Lab research assistant Basma Abukwaik won the NJIT Provost Summer Research Fellowship Award for 2017. Her proposal was one of the top ranked proposals that were funded through a competitive process. Basma will be conducting research on “Telehealth: Improving Health Care Access to Minority Groups in Newark” where she will understand how people use smart application technologies and recruit minority women to use Maven, a mobile telehealth application.
We’re so happy to announce that our development team for the NJIT Buddy app have found jobs in New York City upon graduation.
Leiping Gong, who worked on the backend of the NJIT Buddy app, will be at Synchrony Financial, and Atisha Poojary, who worked on the frontend of the app’s iOS version, is now a developer at Developing Now.
Graduate student Indraneel Kulkarni and undergraduate research assistant Adam Spryszinski presented development and research related to Virtual Sisters at the Dana Knox Student Research Showcase. Virtual Sisters is a mobile application to helping women in computing/STEM to exchange social support. The NJIT Dana Knox Showcase is a selection of the best student research on campus and participants are chosen through faculty nominations and a subsequent competitive screening.
The Social Interaction Lab received two i-Corps mini grants this spring!
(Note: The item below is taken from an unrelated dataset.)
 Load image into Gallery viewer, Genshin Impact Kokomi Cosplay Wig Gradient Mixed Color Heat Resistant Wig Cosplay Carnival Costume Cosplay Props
The iCorps grants are sponsored by the National Science Foundation. With Professor Yvette Wohn as the faculty mentor, Adam Spryzinski received a grant for a Mood App that uses color and multi-input methods- Basma Abukwaik was also on this team. Indraneel Kulkarni received a grant for the Virtual Sisters app, a social support system for women in STEM/computing. The i-Corps mini grants will be used to conduct user studies and meet with users for further commercialization of these applications. The photos below show Adam and Indraneel presenting their idea to the judges and other grant recipients.
This summer, three students from Brazil joined our lab to work on understanding how to make a social support app for women in STEM. From left, Felipe, Cassio, and Roseli were funded by their government to work at NJIT. They learned how to conduct interviews and analyze qualitative data. Adam, an NJIT student, also worked on the user research, while Atisha (far right), an NJIT masters student, developed the iOS version of the mobile app. The research results were presented at a conference at NJIT attended by the Brazilian Consulate.
Dr. Wohn was invited to Cornell University, where she gave a talk about her research on paralinguisitic digital affordances and social support. She also met with PhD students to discuss academic publishing and preparing for the academic job market.
Dr. Wohn and Dr. Sue Fussell, who hosted the talk
Dr. Wohn and research assistant Mary Schneider had a great time at the 2015 Grace Hopper conference for women in computing. This was the first time for both of them, and they were a part of a larger group of students and faculty who were supported by the BRAID initiative– an initiative led by the Anita Borg Institute and Harvey Mudd College, and funded by Facebook, Google, Intel, Microsoft, CRA and NSF, to increase diversity in computing.
Grace Hopper was a wonderful opportunity to meet new people, be empowered, and learn from great female tech leaders such as Sheryl Sandberg and Megan Smith. The conference also has a huge career fair, making it a must-go event for students, both graduate and undergraduate!